More work on Kirby. Expanded refuel facility. - I needed a building for the office, so I took strip stryene and made a box. Door cut out. Decorative strip along the top and door from old stuff. This week, I will add details, paint, weather, etc. It will be much improved. - I thought I would add this as it is so simple and completely scratchbuilt. As a beginner, it is a good place to start. Most all of the track has been ballasted. More pictures of that later.
Overall view of Kirby after this week's work: The retaining wall runs about six feet of the length of Kirby (which is about 15 feet). The area where the B&O car is located is in another section of the layout. The retaining wall is the only indication of this as I did not want any large view breaks. The whole layout all flows together visually as operates as a single entity. - View from the other side:
up mike: The sidings are 13 feet; the peninsula is 23 feet. Because it is unfinished and there were some track problems, I haven't used it for operations yet. At the real Kirby, trains on the Sunset Route refuel there and/or change crews. It is a great railfan spot, but UP has started watching their property line very closely. A highway parallels the whole area, so you can park nearby and walk. It is about 1.5 miles long and has four refueling tracks. The whole yard area in Kirby is about 10 tracks deep. Something that definitely has to be compressed for the layout.

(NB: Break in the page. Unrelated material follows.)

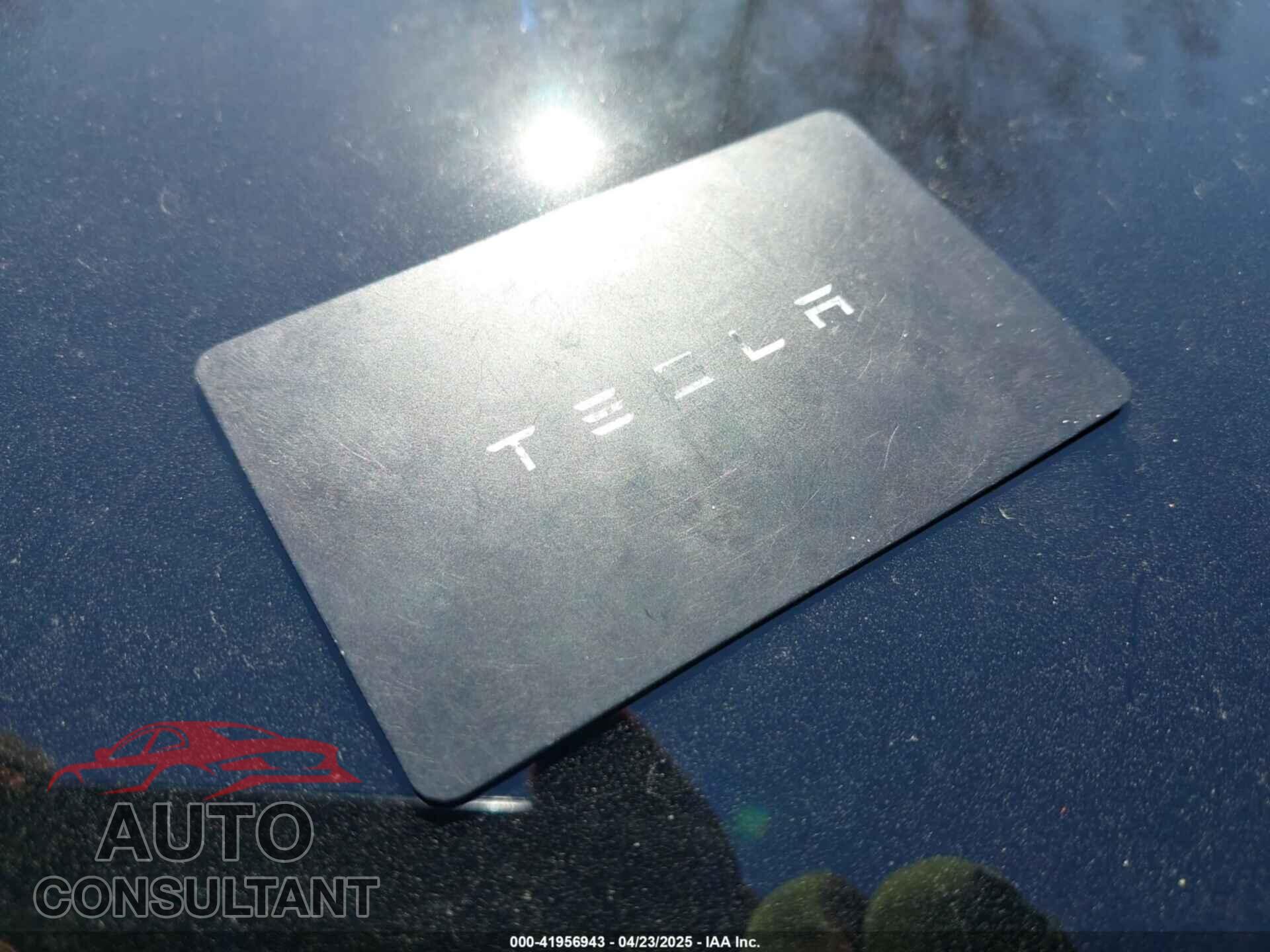 TESLA MODEL 3 2019 - 5YJ3E1EA0KF402451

I love it, just amazing the scale of your layout and the new fueling scene. That thing could be the center of a medium size club!
Okay, Kirby fuel office sort of done. Here is the white box: - Here is the finished building before weathering and adding surrounding foliage: Pretty nice for a quick one day scratchbuild. No commercial parts except the TV antenna, so saves a little money. The big thing in buildings is to cut and assemble them square, square, square. Otherwise you are forever making slight adjustments.

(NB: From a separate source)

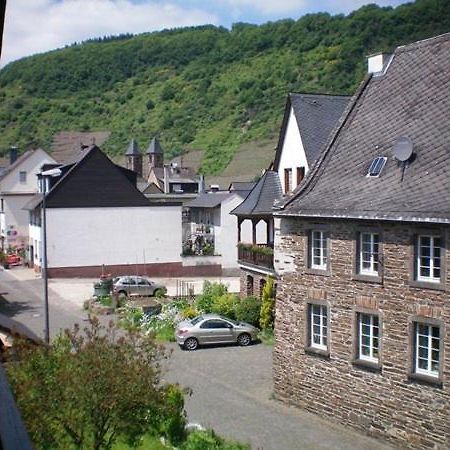 Mosel-Gastehaus Kirch Hotel Ernst Cameră foto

Loco1999: This is a small building, so I did not use a 90 degree cutting tool. But, I do use a regular T-square to guide the knife. That is okay when you don't have long seams to align. Here is the fuel off load facility for Kirby. All of these fuel areas are made with low profile items to facilitate track cleaning and maintenance. This is not prototypical for the real Kirby, Texas. -
The fuel stains on the concrete slabs look outstanding . And that building is WAY COOL. Long live the Espee!! Have you weathered it yet?
I was going to say something about that. It is a small amount of acrylic artist's paint (charcoal color) mixed with "Rustall." I put the paint down and then flood it with the Rustall. Discovered by accident, of course! Haven't weathered it yet. Holding off for foliage or something. I am just not firm yet about what I want to do with it.